**What you are asked to do:** Everything from the first line of the material below through the line containing "Creative Advertising Agency" is to be printed exactly, and nothing more.

★ ★ ★ ★ ★

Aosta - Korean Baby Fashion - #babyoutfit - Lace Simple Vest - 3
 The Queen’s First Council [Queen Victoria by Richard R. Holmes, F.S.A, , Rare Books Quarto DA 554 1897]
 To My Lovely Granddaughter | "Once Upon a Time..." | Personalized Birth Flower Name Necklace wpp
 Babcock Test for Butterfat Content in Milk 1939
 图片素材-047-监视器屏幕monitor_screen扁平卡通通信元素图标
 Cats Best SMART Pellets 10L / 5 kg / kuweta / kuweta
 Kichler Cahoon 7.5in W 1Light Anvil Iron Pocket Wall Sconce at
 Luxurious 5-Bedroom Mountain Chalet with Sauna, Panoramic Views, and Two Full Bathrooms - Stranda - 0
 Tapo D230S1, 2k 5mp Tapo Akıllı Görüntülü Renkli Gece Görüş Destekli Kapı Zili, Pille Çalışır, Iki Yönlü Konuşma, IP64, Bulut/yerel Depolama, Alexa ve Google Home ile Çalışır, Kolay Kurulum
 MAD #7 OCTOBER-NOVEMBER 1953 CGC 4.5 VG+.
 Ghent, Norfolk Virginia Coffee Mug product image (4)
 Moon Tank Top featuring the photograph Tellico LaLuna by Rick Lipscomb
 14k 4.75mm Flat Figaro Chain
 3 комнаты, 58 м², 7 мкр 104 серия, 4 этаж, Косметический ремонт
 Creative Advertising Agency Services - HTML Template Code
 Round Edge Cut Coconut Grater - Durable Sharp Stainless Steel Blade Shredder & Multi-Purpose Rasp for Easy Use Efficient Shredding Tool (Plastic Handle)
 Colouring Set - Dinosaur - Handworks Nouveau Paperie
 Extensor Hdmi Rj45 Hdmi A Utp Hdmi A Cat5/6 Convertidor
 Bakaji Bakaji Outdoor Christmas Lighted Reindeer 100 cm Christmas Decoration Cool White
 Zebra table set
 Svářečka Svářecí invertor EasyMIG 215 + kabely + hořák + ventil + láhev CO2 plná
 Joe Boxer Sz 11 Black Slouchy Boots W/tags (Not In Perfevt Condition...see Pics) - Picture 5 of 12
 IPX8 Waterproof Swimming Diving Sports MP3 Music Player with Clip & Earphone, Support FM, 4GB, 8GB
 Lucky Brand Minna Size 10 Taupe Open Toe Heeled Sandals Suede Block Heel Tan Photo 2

★ ★ ★ ★ ★

**Response area:**
Aosta - Korean Baby Fashion - #babyoutfit - Lace Simple Vest - 3
 The Queen’s First Council [Queen Victoria by Richard R. Holmes, F.S.A, , Rare Books Quarto DA 554 1897]
 To My Lovely Granddaughter | "Once Upon a Time..." | Personalized Birth Flower Name Necklace wpp
 Babcock Test for Butterfat Content in Milk 1939
 图片素材-047-监视器屏幕monitor_screen扁平卡通通信元素图标
 Cats Best SMART Pellets 10L / 5 kg / kuweta / kuweta
 Kichler Cahoon 7.5in W 1Light Anvil Iron Pocket Wall Sconce at
 Luxurious 5-Bedroom Mountain Chalet with Sauna, Panoramic Views, and Two Full Bathrooms - Stranda - 0
 Tapo D230S1, 2k 5mp Tapo Akıllı Görüntülü Renkli Gece Görüş Destekli Kapı Zili, Pille Çalışır, Iki Yönlü Konuşma, IP64, Bulut/yerel Depolama, Alexa ve Google Home ile Çalışır, Kolay Kurulum
 MAD #7 OCTOBER-NOVEMBER 1953 CGC 4.5 VG+.
 Ghent, Norfolk Virginia Coffee Mug product image (4)
 Moon Tank Top featuring the photograph Tellico LaLuna by Rick Lipscomb
 14k 4.75mm Flat Figaro Chain
 3 комнаты, 58 м², 7 мкр 104 серия, 4 этаж, Косметический ремонт
 Creative Advertising Agency Services - HTML Template Code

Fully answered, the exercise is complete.